A similar struggle with vocation occurs in the novel I’m currently drafting, and a friend of mine who reads my work and who also happens to arrange his life around Roger Federer matches, saw the similarity and recommended I read Open.  But whether one reads Open for a character study (unlikely) or for an interest in Agassi (more likely), the pleasure quickly becomes that of personal identification. 

Whenever you read a first-person narration, it’s hard not to identify with that first-person narrator.  Of course, in fiction we have the unreliable narrator, and there are certainly elements of that here too.  For one thing, I was skeptical—and the acknowledgements confirmed my skepticism—that Agassi himself sat down and wrote this; indeed, he credits J.R. Moehringer with “transform[ing]” (Agassi’s word) transcripts from their personal interviews into this story.  It’s an autobiography only insofar as Agassi himself was involved in the process.  We expect artifice in fiction; we want reality in autobiography, subjective though its presentation will be.  For another, I caught glimpses that—for however much I read along with “Agassi” and identified with him—if I had actually met Agassi at many points in his career, I would not have gotten along with him.  Chilly and determined as Pete Sampras comes across in Open, I can see, when I step away from the lure of Agassi’s “I,” that I would be faster friends with Sampras than Agassi (insofar as Agassi’s memoir represents the two).  And then, of course, we have to be constantly aware of the subjectivity—that this is Andre Agassi’s story and not Mike Agassi’s story, etc. etc.  Don’t get me wrong: subjectivity is not a bad thing.  In fact, it’s essential to autobiography.

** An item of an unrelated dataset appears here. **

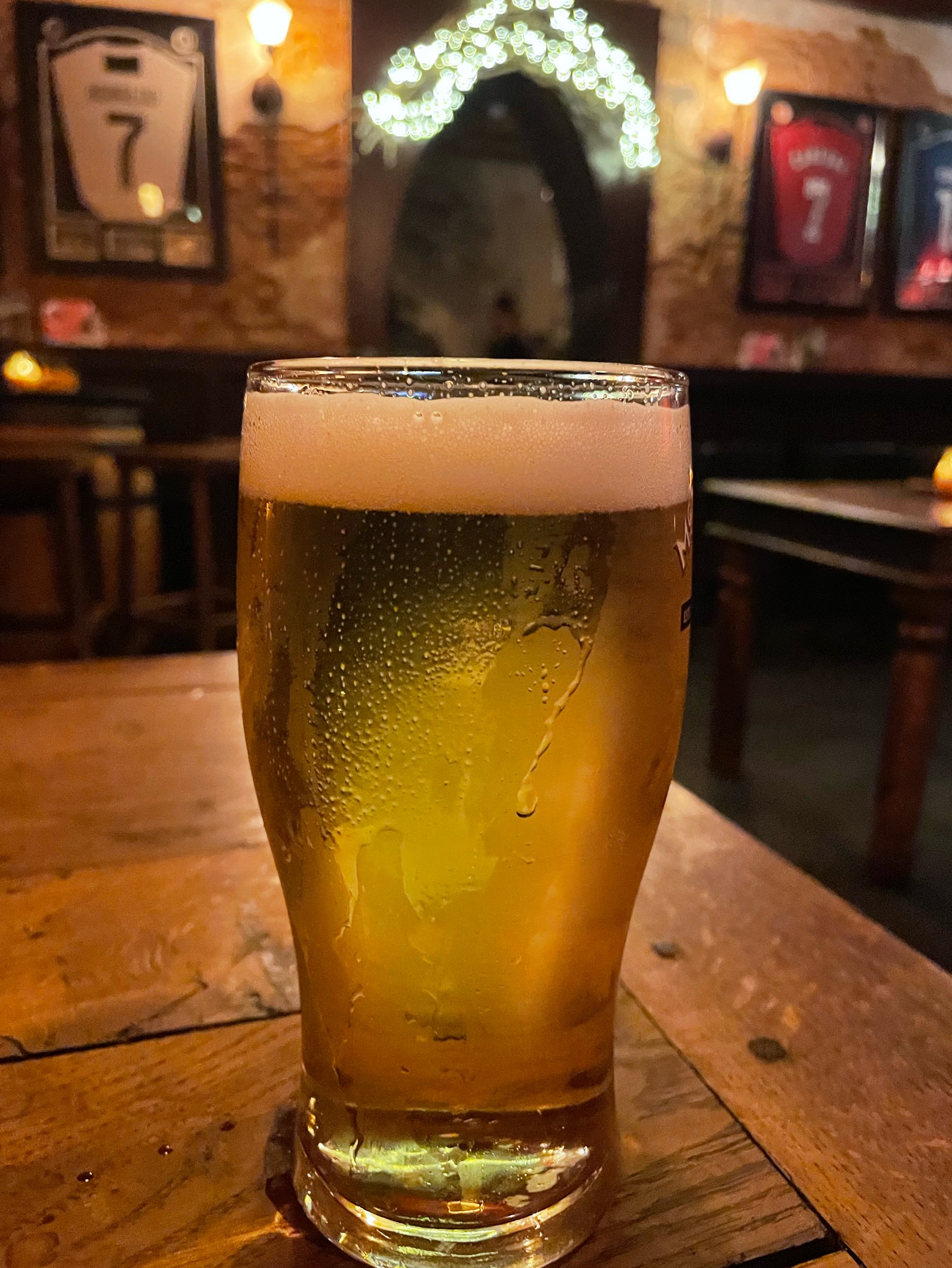 Adam's Apple, Belgium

But now here’s my shocking confession: for as much as I identified with Agassi and was rooting for him, I actually felt a little disappointed with the final chapters—not because I wasn’t glad that he had finally secured his reputation and his wealth, wooed Stefanie Graf, experienced the joys of fatherhood, and established a thriving charity.  I was glad, glad in a more genuine way than we usually are for people who make it so big because I understood the difficulties he’d faced in getting there.  And yet, after such struggle, the book comes down to pat and usual morals: caring for others, caring for education, caring for family.  I don’t doubt his love for his wife, children, and charity, but it suddenly all seemed so storybook that it lost its ring of authenticity.

Which is as much a lesson for fiction as for life.

1 comment:

  1. It's interesting to realize that success has little to do with happiness at a job. There may be lots of janitors who work at what society considers a thankless job and are much happier than famous people we idolize for their success. Fascinating! As for the ending, I wonder if there IS a truer moral there, and it is not something Agassi chose to share. Disappointing in a life story.